> _DATA FOR ANALYSIS_:
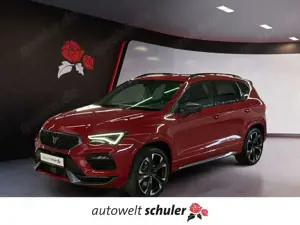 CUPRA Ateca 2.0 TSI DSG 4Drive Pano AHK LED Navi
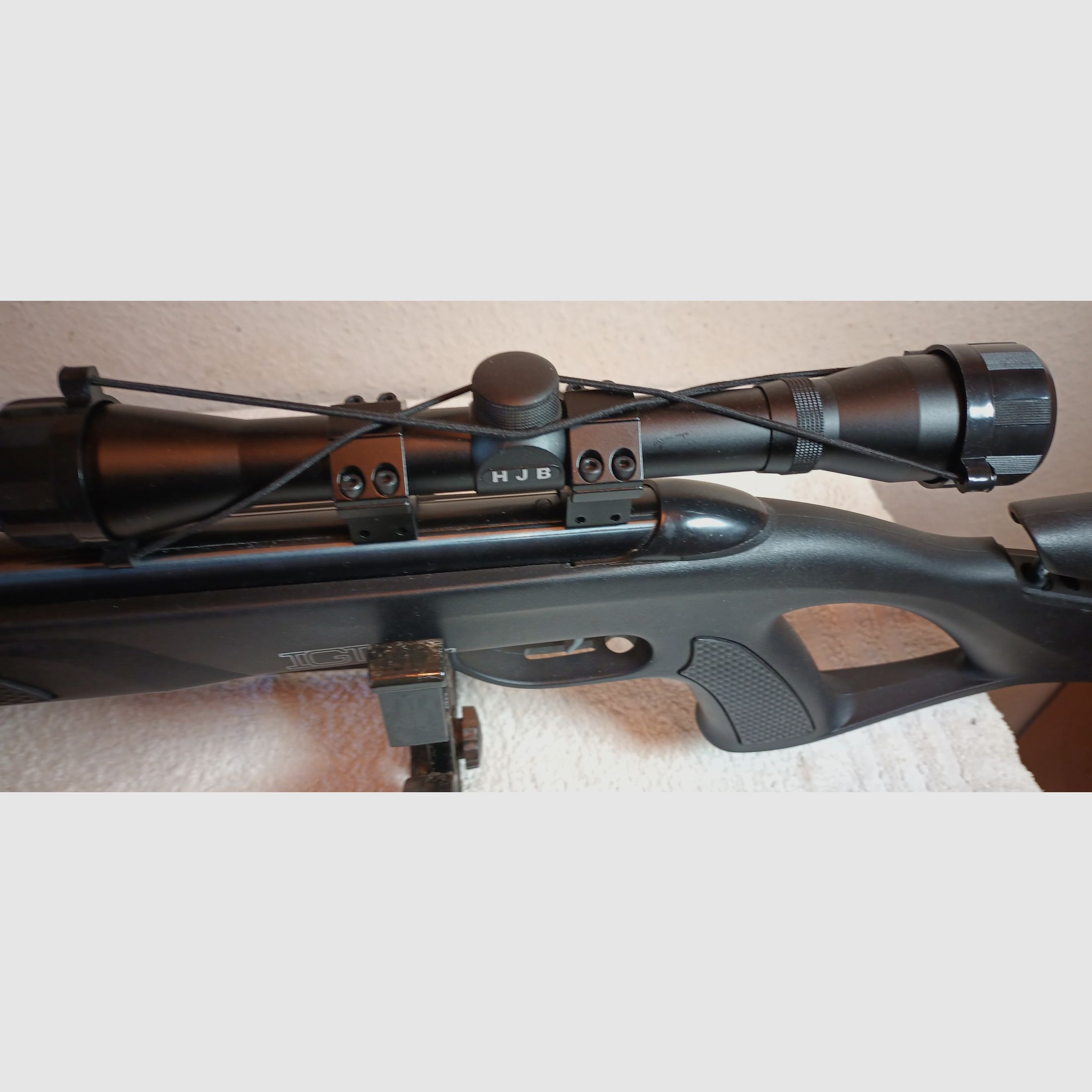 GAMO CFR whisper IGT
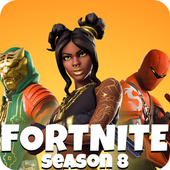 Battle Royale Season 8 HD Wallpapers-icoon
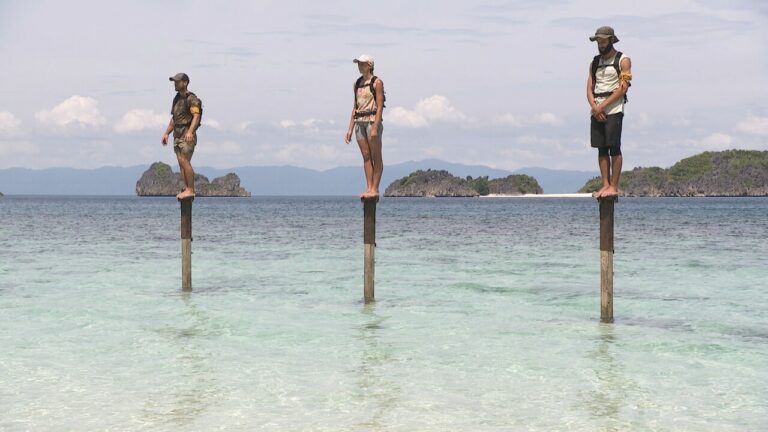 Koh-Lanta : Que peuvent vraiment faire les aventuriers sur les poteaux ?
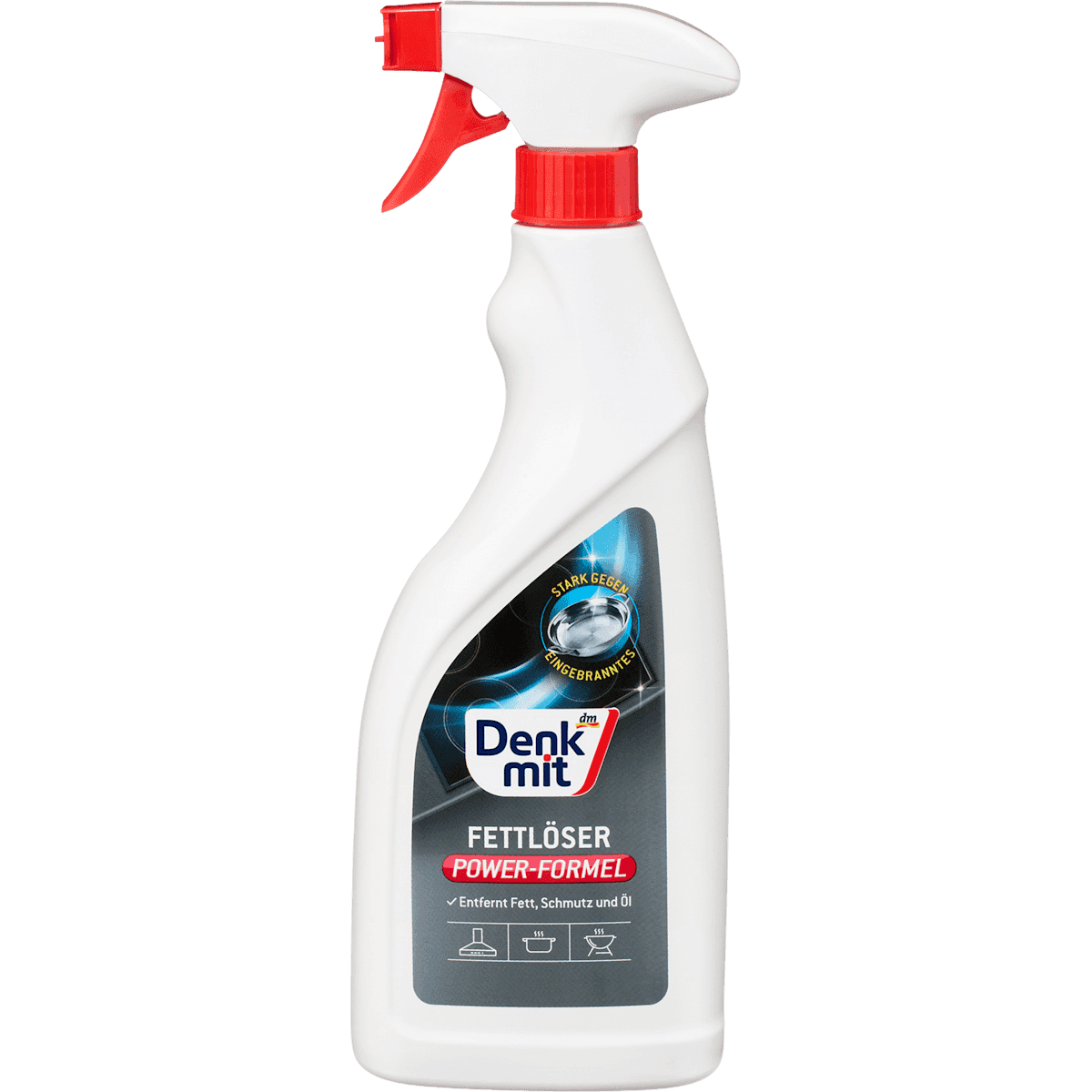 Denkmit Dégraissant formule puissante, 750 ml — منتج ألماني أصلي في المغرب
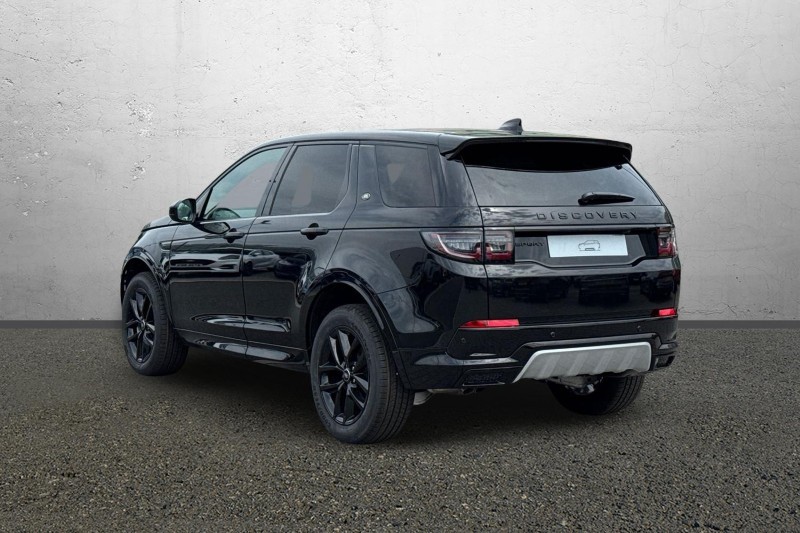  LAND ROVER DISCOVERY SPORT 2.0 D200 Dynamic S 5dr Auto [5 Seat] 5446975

---

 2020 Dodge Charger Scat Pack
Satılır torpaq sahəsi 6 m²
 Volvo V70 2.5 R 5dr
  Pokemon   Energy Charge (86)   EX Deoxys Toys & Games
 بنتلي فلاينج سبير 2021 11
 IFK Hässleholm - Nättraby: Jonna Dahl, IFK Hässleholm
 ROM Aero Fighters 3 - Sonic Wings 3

> _BRIEF_:
The required output is the stretch of entries above from the line containing "Toys & Games" through the line containing "ROM Aero Fighters 3 - Sonic Wings 3", reproduced exactly.

> _EXERCISE ANSWER_:
  Pokemon   Energy Charge (86)   EX Deoxys Toys & Games
 بنتلي فلاينج سبير 2021 11
 IFK Hässleholm - Nättraby: Jonna Dahl, IFK Hässleholm
 ROM Aero Fighters 3 - Sonic Wings 3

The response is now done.